Biodiesel can be regarded as the ideal alternative fuel for diesel engines, because it has a high cetane number with better ignition characteristics [12,13]. Higher oxygen content can promote the complete combustion of the fuel. In addition, biodiesel can be mixed with diesel fuel in any proportion based on the fact its fuel properties are very similar to diesel fuel [14,15,16]. Zhang et al. [5] investigated diesel and biodiesel on emission and combustion characteristics of a four-cylinder diesel engine. They found that adding biodiesel resulted in an average reduction of 35%, 64% and 45% in CO, HC and smoke, respectively. However, the experimental results show that the addition of biodiesel leads to more CO emissions than diesel because the higher viscosity of biodiesel is not conducive to atomization [17]. Therefore, some researchers tried to use alcohols (e.g., ethanol, methanol) to mix biodiesel and diesel and studied the effects of these ternary mixed fuels on diesel engine combustion and emission characteristics [18,19]. Kwanchareon et al. [20] pointed out that 80% diesel fuel mixed with 5% ethanol and 15% biodiesel is the best mixing ratio considering the fuel properties and the effect on emission reduction. Noorollahi et al. [21] tested various diesel–biodiesel–ethanol blends on a single diesel engine. However, the above literature review shows there is a lack of research on the following points: (i) most researchers use a single-cylinder diesel engine as the main object; (ii) different engines lead to inconsistent experimental results; and (iii) there are few studies that focus on ethanol, and many previous studies have focused on nano additives, such as alumina nano additives, in diesel-biodiesel-ethanol blends. Therefore, in view of the research gaps in the previous studies, it is necessary to directly investigate the influences of various diesel-biodiesel-ethanol blends on combustion and emissions of a four-cylinder diesel engine. In addition, ethanol was the main experimental variable in this study. As much as 15 vol.% ethanol was added to the mixture of diesel and biodiesel. No other additives was used.
To investigate the improvement effect of bioethanol on combustion and emissions in a four-cylinder common rail direct injection (CRDI) diesel engine, especially for control of NOx and smoke emissions, a series of engine tests were carried out. Four tested fuels including neat diesel fuel (D100), 95% D100 blended with 5% ethanol and 1% biodiesel (D95E5B1), 90% D100 blended with 10% ethanol and 1% biodiesel (D90E10B1), and 85% D100 blended with 15% ethanol and 1% biodiesel (D85E15B1) were prepared and tested in the diesel engine. All fuels were mixed according to the volume ratio. The experimental results show that adding a proper amount of bioethanol to diesel can simultaneously reduce NOx and smoke emissions under medium and high load conditions. Therefore, it can be expected that bioethanol is likely to be widely used in diesel engines as a fuel additive in the future to control NOx and smoke emissions.

2. Materials and Methods

2.1. Engine and Fuel

Figure 1 displays the representation of the experimental setup. Specifications of the engine are shown in Table 1. Four tested fuels were prepared for engine testing: neat diesel fuel (D100), 95% D100 blended with 5% ethanol and 1% biodiesel (D95E5B1), 90% D100 blended with 10% ethanol and 1% biodiesel (D90E10B1), and 85% D100 blended with 15% ethanol and 1% biodiesel (D85E15B1). The main fuel properties are listed in Table 2.

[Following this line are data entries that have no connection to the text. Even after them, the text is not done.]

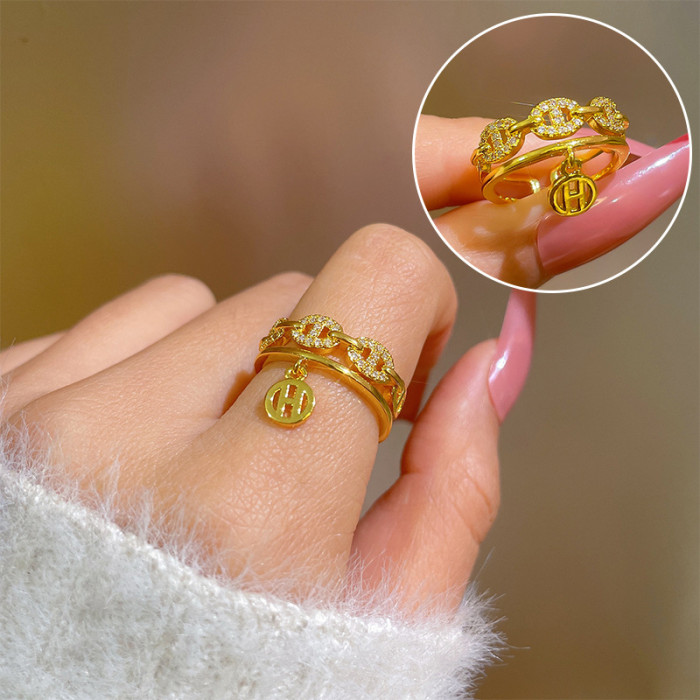 [Real Gold Plating] European and American Design Ins Style Geometric Diamond-Embedded Ball Ring Women's Cold Style Open Ring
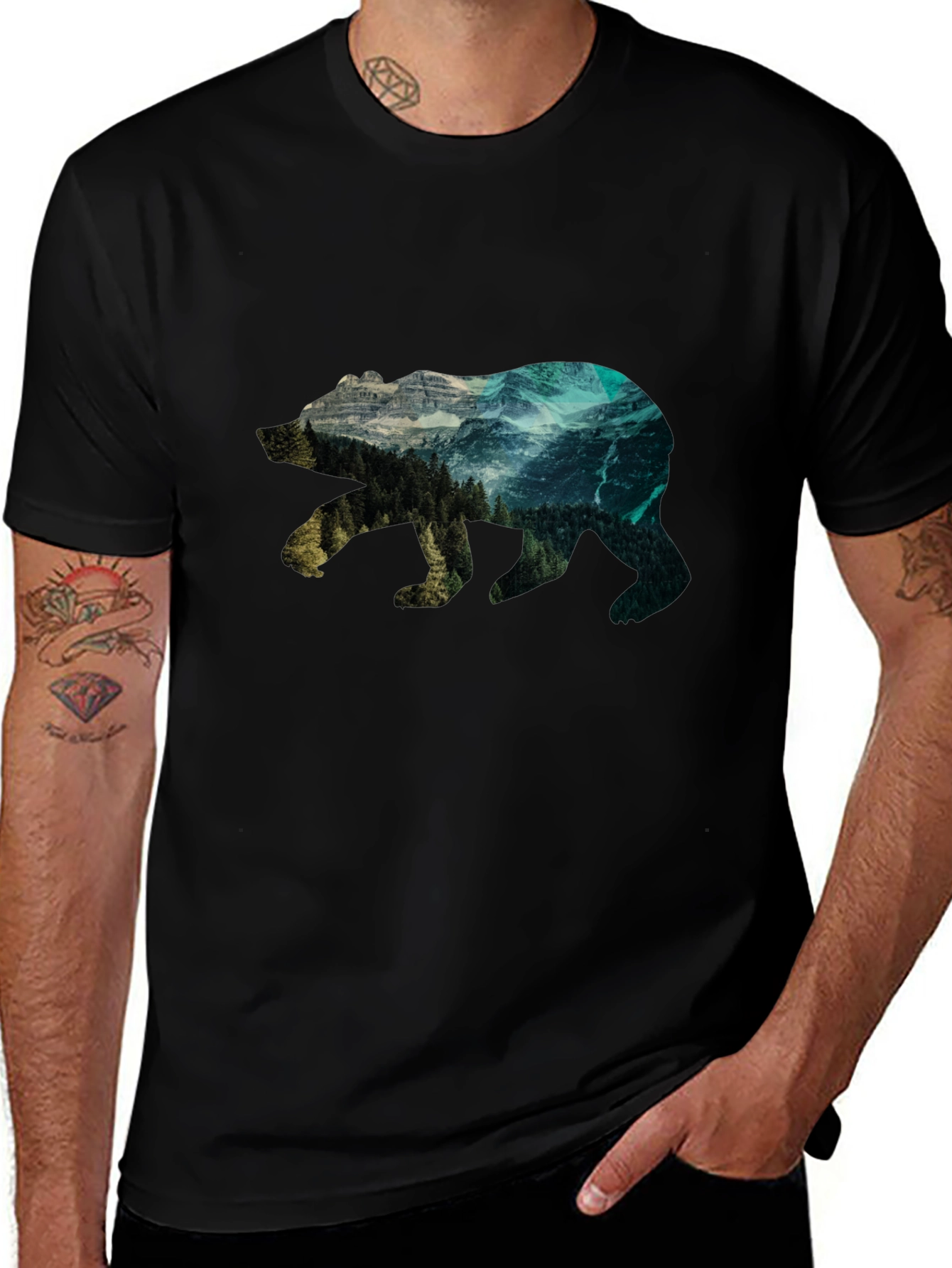 Nature Bear Graphic Tee - Black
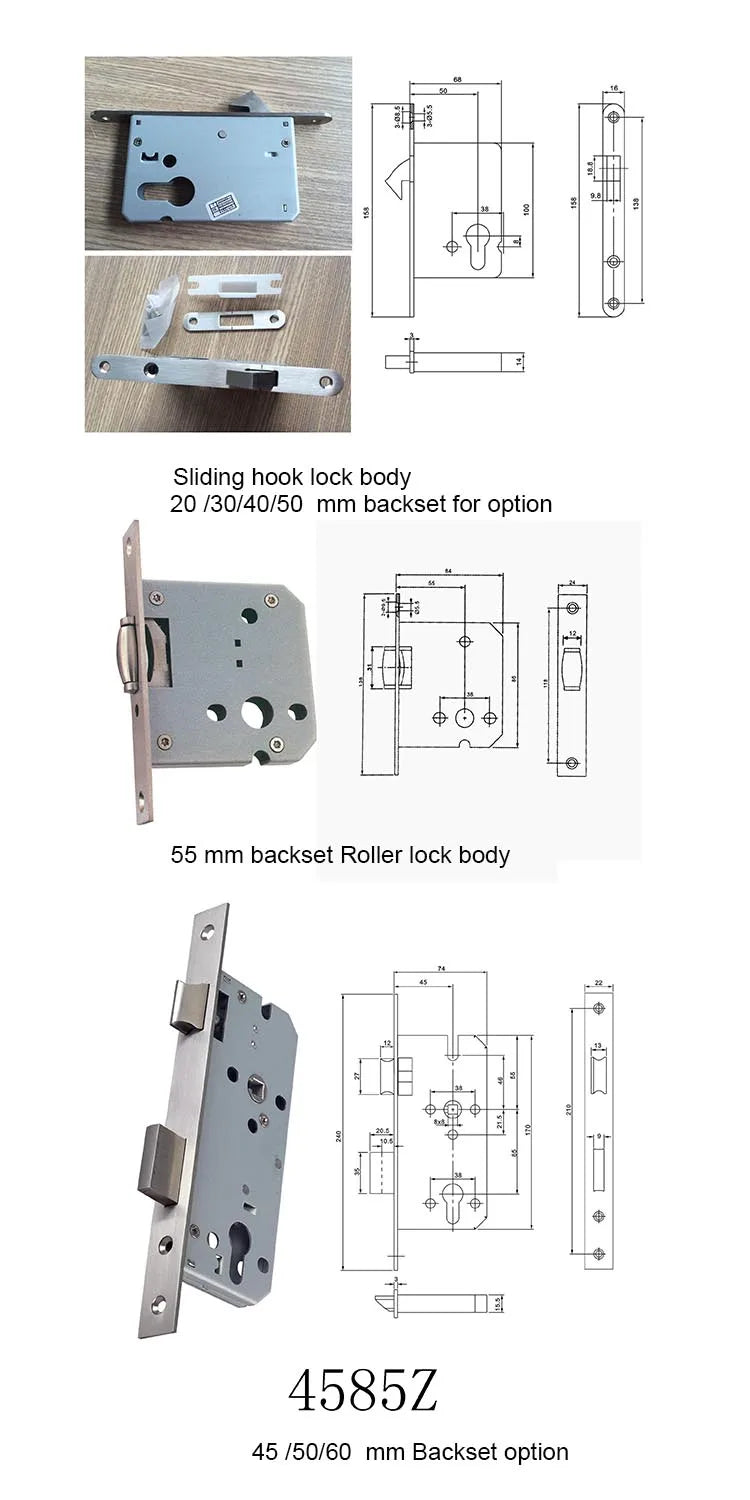 5058 Series Mechanical Anti-theft Silent Door Lock Body 304 Stainless Indoor Lock Body for Wooden Door Mortise Lock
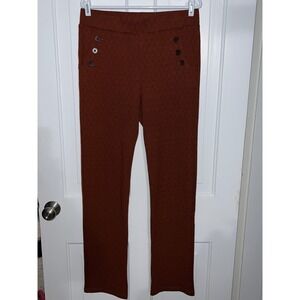 Betabrand Women's Size L Sailor Button High Rise Herringbone Pants Rust Orange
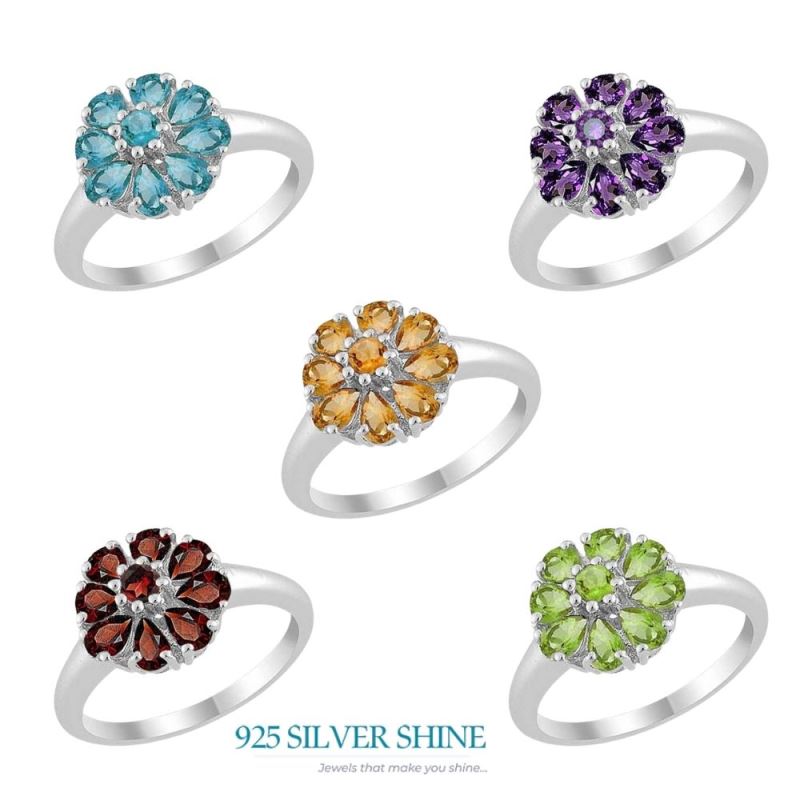 Genuine Citrine Gemstone Rings In Solid 925 Silver 925SR1690_2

2.2. Experimental Conditions and Measurements

Experiments were performed on the CRDI diesel engine according to three engine loads (40, 80, 120 Nm) with a constant engine speed of 1800 rpm. The pilot/main injection timing and injection pressure were respectively controlled at 5/10 °CA ATDC and 50 MPa. Table 3 lists the main experimental conditions. Table 4 shows the range, resolution and uncertainty of relevant test equipment. The engine speed and load were controlled by a DYTEK230 dynamometer. The fuel consumption in the experiment was measured by a GP-100K weighing balance. As the most important value for analyzing combustion characteristics, the in-cylinder pressure was measured by a 6056A Kistler pressure sensor with a charge amplifier. The pressure data in the cylinders were recorded over 200 consecutive engine cycles. For the measurement of engine exhaust emissions, a Horiba exhaust gas analyzer (MEXA-554JK, Horiba, Kyoto, Japan) was employed to measure the HC and NOx emissions, and a multiple gas analyzer (GreenLine MK2, Eurotron [Korea] Ltd., Seoul, Korea) was employed to measure the CO emissions. An OP-160 smokemeter was employed to measure smoke opacity. Based on the variability of the engine, all experimental data were recorded after the engine ran stably—that is, the temperature of cooling water reached 85 °C.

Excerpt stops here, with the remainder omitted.